_Aim of the task:_ Using the records that follow, reproduce exactly the lines starting at the line containing "Britischer Bulldogge Selfie" and ending at the line containing "Raw-Edge Sleeveless Top". Include both end lines and no pictures.

_Records for the exercise:_

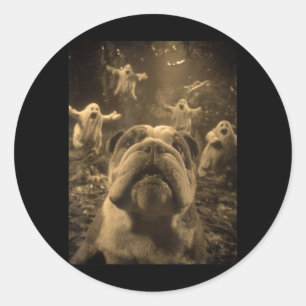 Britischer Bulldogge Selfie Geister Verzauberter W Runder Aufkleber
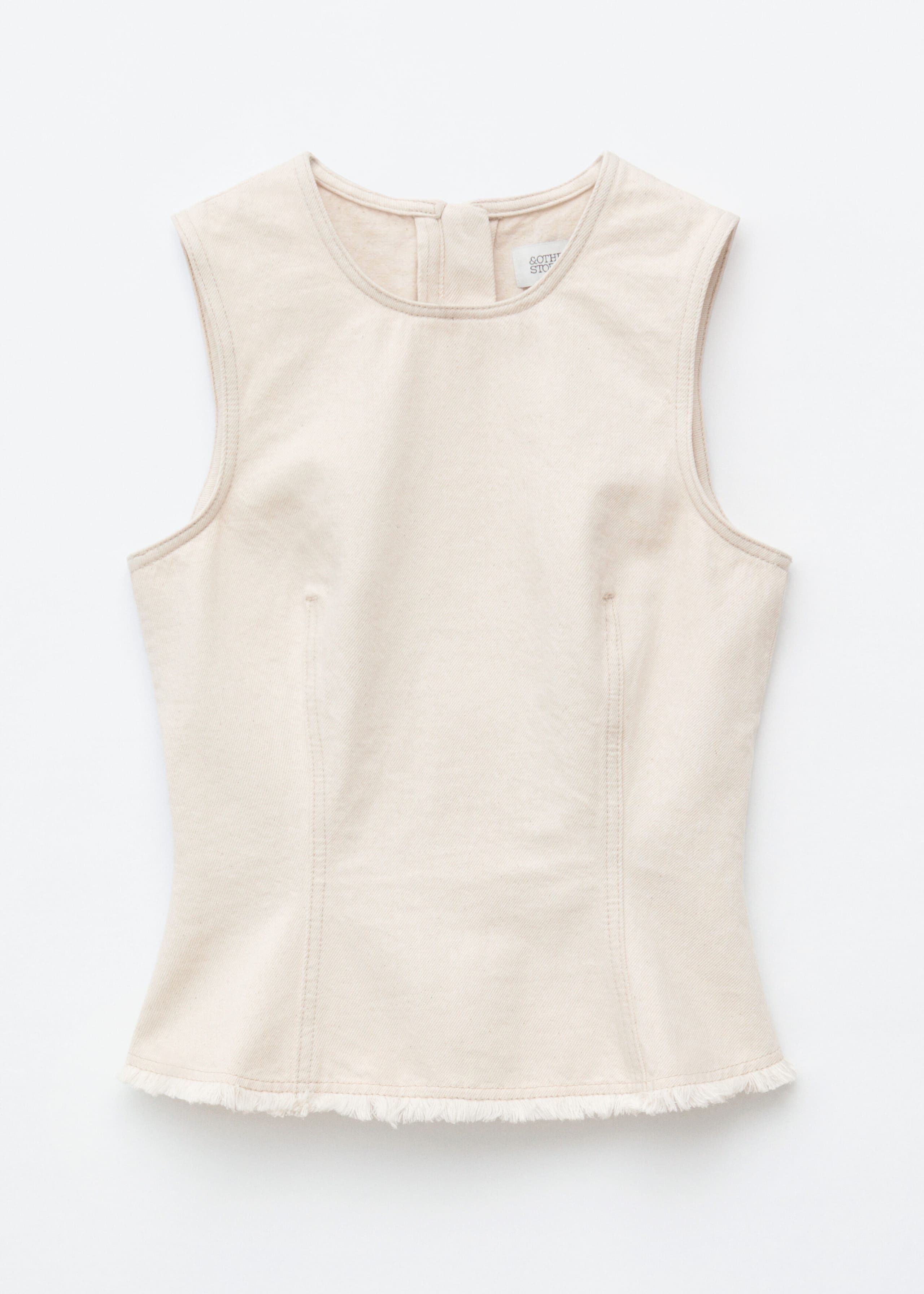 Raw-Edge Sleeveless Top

---

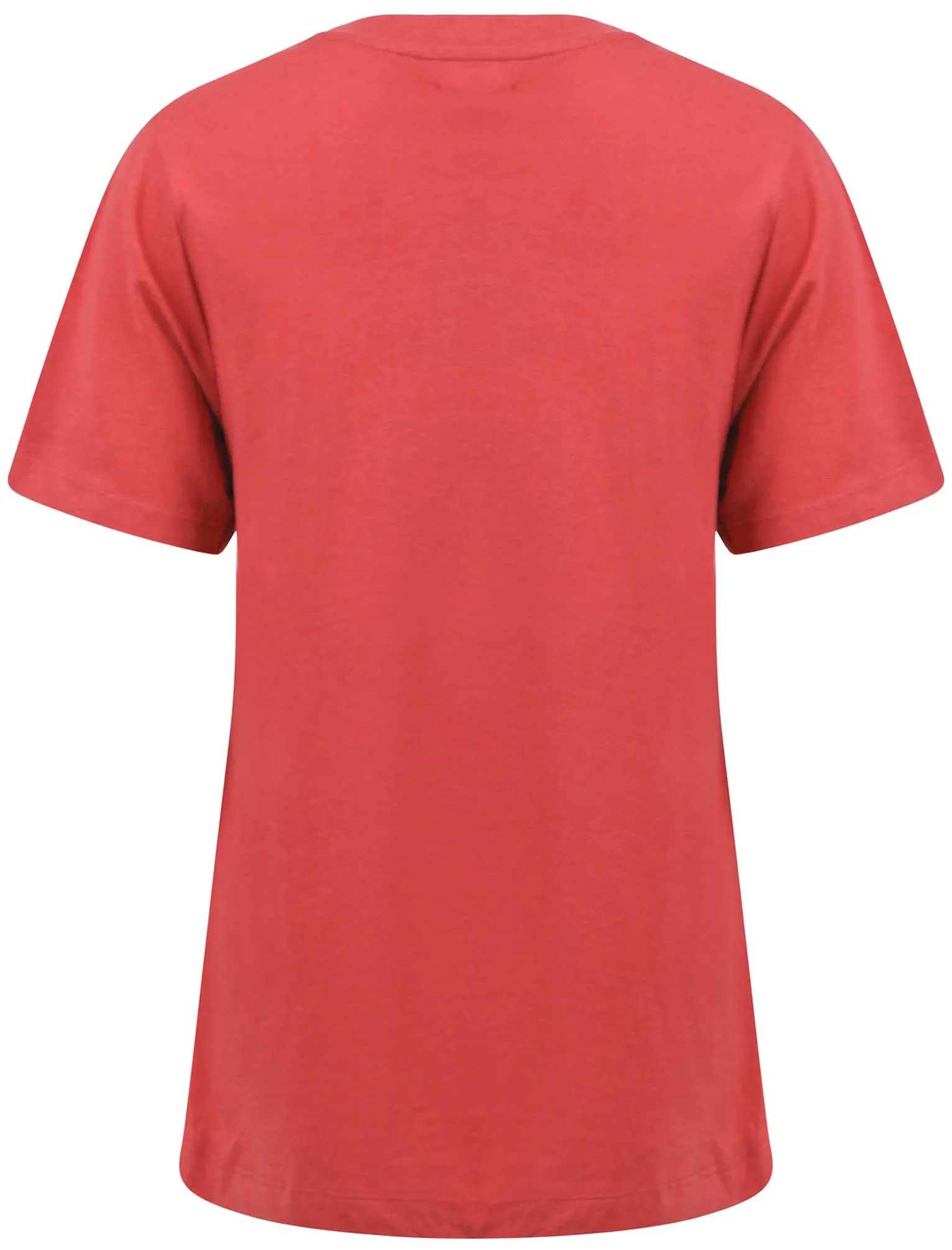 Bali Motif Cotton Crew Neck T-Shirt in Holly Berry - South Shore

_Completed exercise:_
 Britischer Bulldogge Selfie Geister Verzauberter W Runder Aufkleber
 Raw-Edge Sleeveless Top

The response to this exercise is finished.